Question II. Whether God ought to have permitted that man be assailed.
Secondly it is asked whether God ought to have permitted that man be assailed. And that He ought, it seems:
1. By that which the Master says in the text1: "It would not be praiseworthy to live well, unless there were someone who urged living badly": therefore if He ought to have permitted everything that contributed to enlarging human praise, He ought therefore to have permitted that man be assailed through diabolical suggestion.
2. Likewise, according to the right judgment of reason and the testimony of the Apostle, second to Timothy, chapter two2: He shall not be crowned, unless he strive lawfully: if therefore man was to be led to the crown of glory, it seems from right order that he ought to have been set in the conflict of temptation and battle.

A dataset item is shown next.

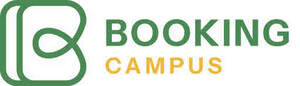 Image for mark UK00004252776 BOOKINGCAMPUS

3. Likewise, it befits God so to administer things and to provide for them, that the law be preserved which He implanted in them from their first condition, according to that of Augustine in the seventh book of the City of God3: "God so administers the things which He has founded, that He allows them to perform their own motions"; but God made, and ought to have made, man in the changeableness of free choice and to leave him in the hand of his own counsel, and likewise Lucifer: therefore if the devil willed to vex man, and man willed to consent to him, God ought to have hindered neither of them.
4. Likewise, it was easier for man to conquer his adversary than for the devil to conquer man; for man could not be conquered except willingly: therefore that battle was of itself more ordered to the victory of man than to the victory of the devil: therefore more to good than to evil. If therefore God ought to permit what is directly ordered to the good of man, it seems that the adversary was not to be kept away from the temptation of the first man.
On the contrary: 1. He would be an impious father who permitted his son to engage in a war in which he knew he would be overcome by another; but God knew that Adam would be overcome by that temptation: therefore it seems that He did not bear Himself as a loving father when He permitted him to be overcome by the devil.
2. Likewise, he is not a good prelate nor a shepherd who permits a sheep to be bitten and carried off by a wolf, when he can repel and ward him off; but God was the prelate and shepherd of man: therefore since He saw the wolf fiercely pressing on, it seems that He ought not to have permitted man to be assailed by the adversary or attacked by the wolf4.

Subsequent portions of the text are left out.